11. The method of claim 10, the another control operation comprising reducing a volume of an audio output device.

12. The method of claim 10, the another control operation comprising delivering, with an output device, a notification that the electronic device is disposed within the repository container.

13. The method of claim 10, the another control operation comprising, delivering, with an output device, a notification that an incoming electronic communication from a remote electronic device was received while the repository container was closed.

14. The method of claim 10, the another control operation comprising redirecting, with a communication circuit operable with the one or more processors, an incoming electronic communication from a remote electronic device to a companion electronic device of the electronic device.
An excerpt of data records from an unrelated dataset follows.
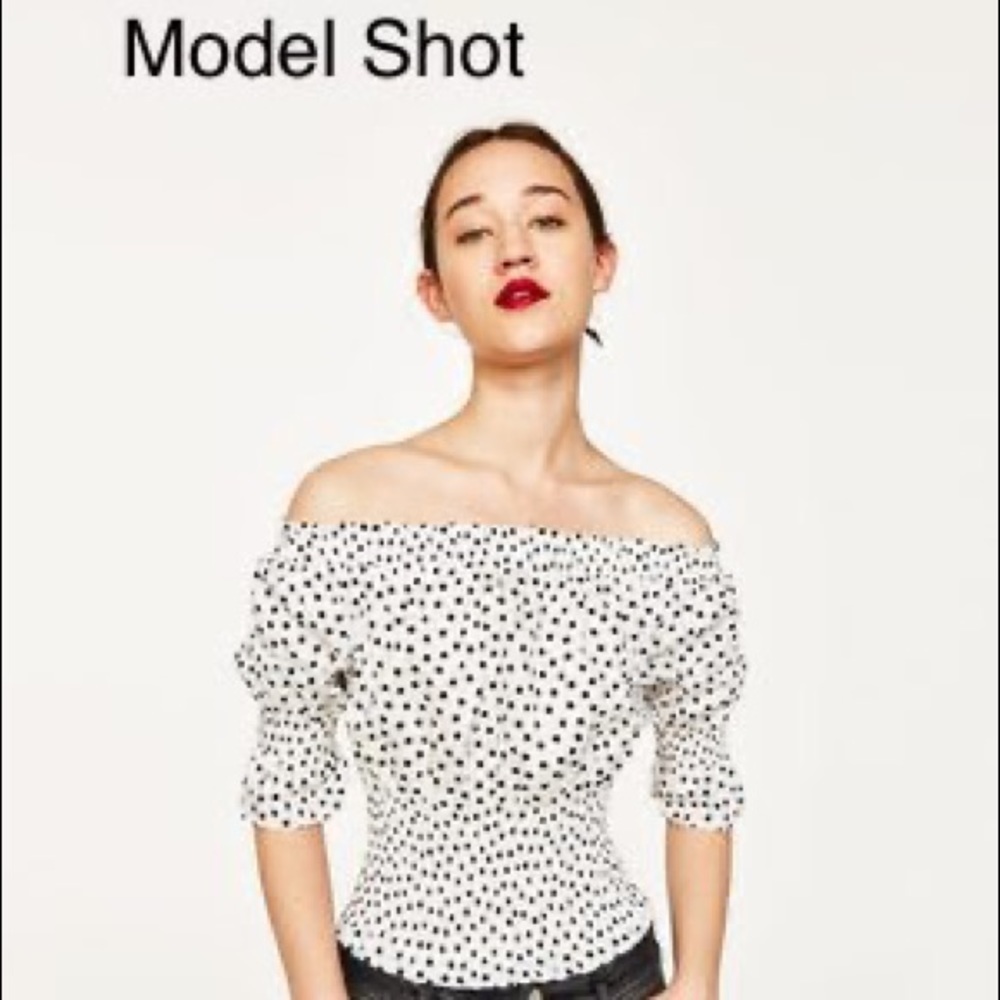 Zara polka dot body suit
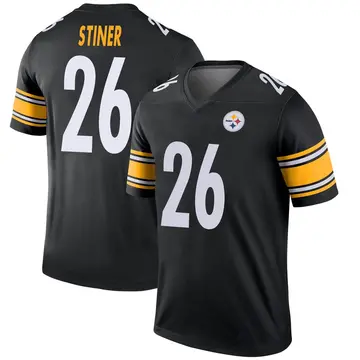 Youth Nike Pittsburgh Steelers Donovan Stiner Black Jersey - Legend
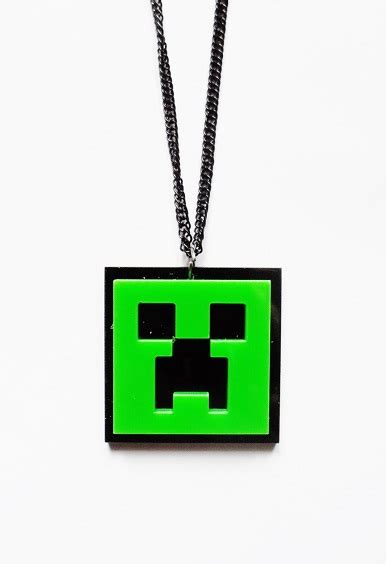 Minecraft Creeper Neckace Keyring Folksy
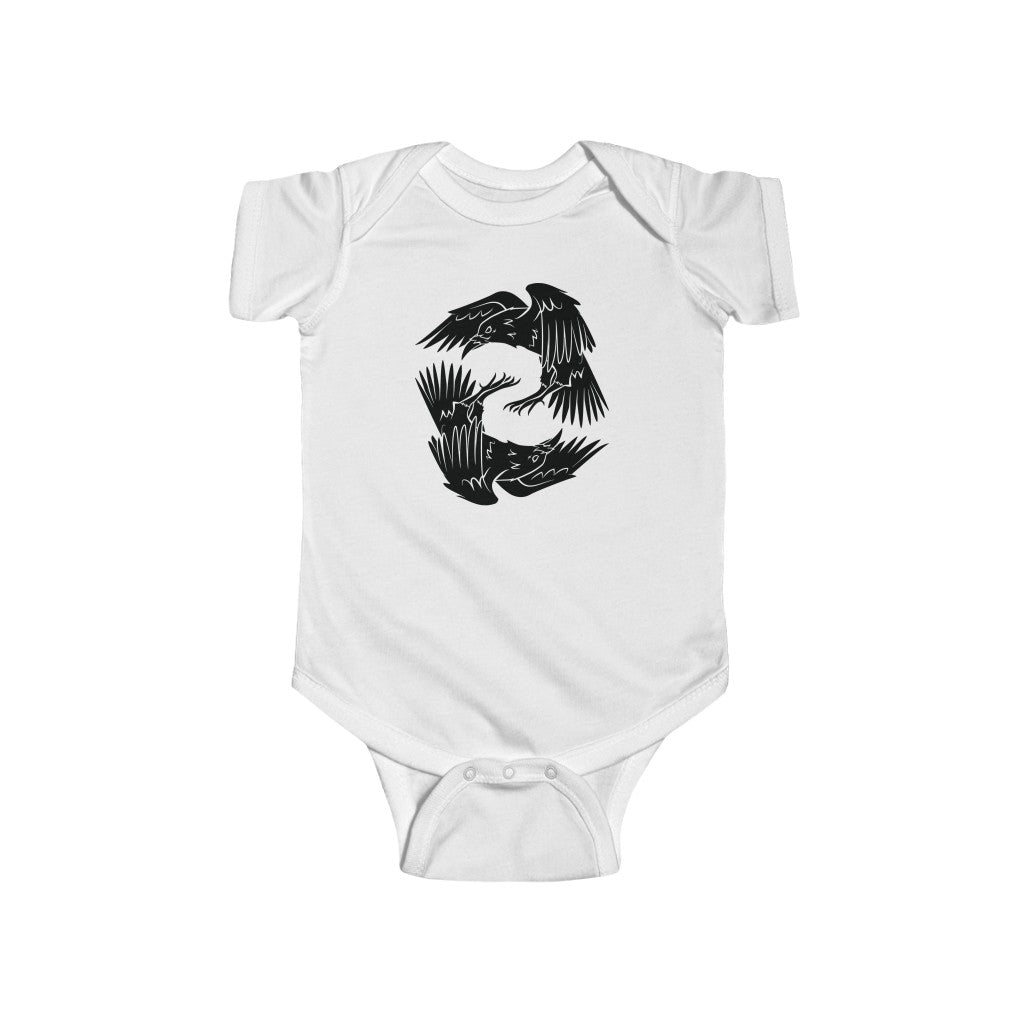 Odin's Ravens Baby Bodysuit Scandinavian Design Studio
15. An electronic device, comprising:

one or more processors;

a light sensor operable with the one or more processors;

a touch sensor operable with the one or more processors; and

one or more proximity sensors operable with the one or more processors;

the one or more processors to determine: an intensity of received ambient light from the light sensor; an absence of touch sensor actuation along a housing of the electronic device from the touch sensor; and whether a temperature detected at both a first location of the electronic device and a second location of the electronic device is within a predefined range;

the one or more processors to confirm that the electronic device is disposed within a repository container when: the intensity of received ambient light, as detected by the light sensor, is below a predefined threshold; the absence of touch sensor actuation is confirmed; and the temperature at both the first location and the second location is within the predefined range;

the one or more processors to perform a control operation in response to confirming the electronic device is disposed within the repository container.

16. The electronic device of claim 15, further comprising a motion detector operable with the one or more processors, the one or more processors to further confirm that the electronic device is disposed within the repository container when motion of the electronic device, as determined by the motion detector, is defined by parametric data indicating approximate rotational stability of the electronic device.
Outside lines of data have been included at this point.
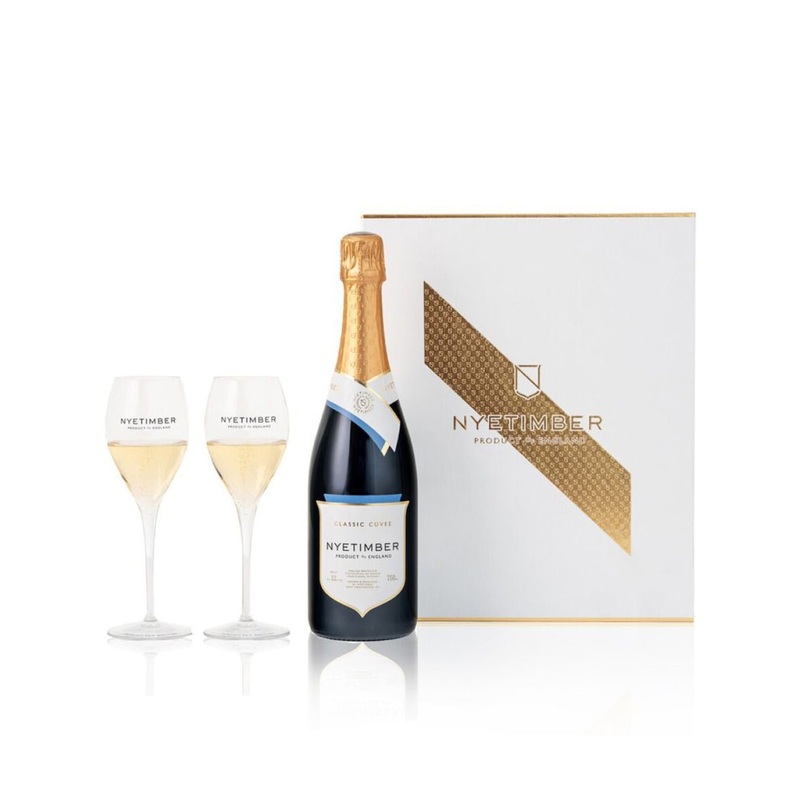 Nyetimber Classic Cuvee and Flutes Gift Box, 75 cl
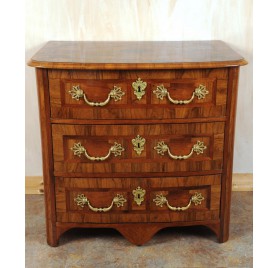 Louis XIV olive wood chest of drawers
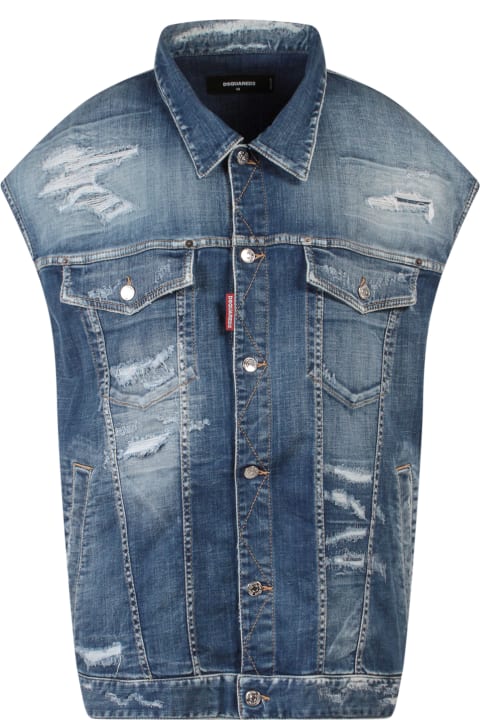 Fashion for Women Dsquared2 Vest Jean Jacket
17. The electronic device of claim 15, the control operation comprising one or more of:

increasing a volume of an audio output device;

delivering, with a communication circuit operable with the one or more processors, a preformatted response message in response to receiving an incoming communication from a remote electronic device; or

monitoring a motion detector.

18. The electronic device of claim 15, the one or more processors to confirm that the repository container is open when:

the intensity of received ambient light, as detected by the light detector, transitions above the predefined threshold;

an ambient temperature increase, as detected by the one or more proximity sensors, exceeds a predefined temperature threshold; or

a thermal object moves within a predefined thermal radius of the electronic device as detected by the one or more proximity sensors;

the one or more processors further to, upon confirming that the repository container is open, perform another control operation.

19. The electronic device of claim 18, the another control operation comprising one or more of:

reducing a volume of an audio output device;

delivering a physical alert with a motion generation device;

delivering, with a user interface device, a notification that the electronic device is disposed within the repository container;

delivering, with the user interface device, another notification that an incoming electronic communication from a remote electronic device was received while the repository container was closed; or

redirecting, with a communication circuit operable with the one or more processors, the incoming electronic communication from the remote electronic device to a companion electronic device of the electronic device.

20. The electronic device of claim 15, the repository container comprising a purse, each proximity sensor comprising a proximity sensor component comprising an infrared signal receiver to receive an infrared emission from an object external to the housing.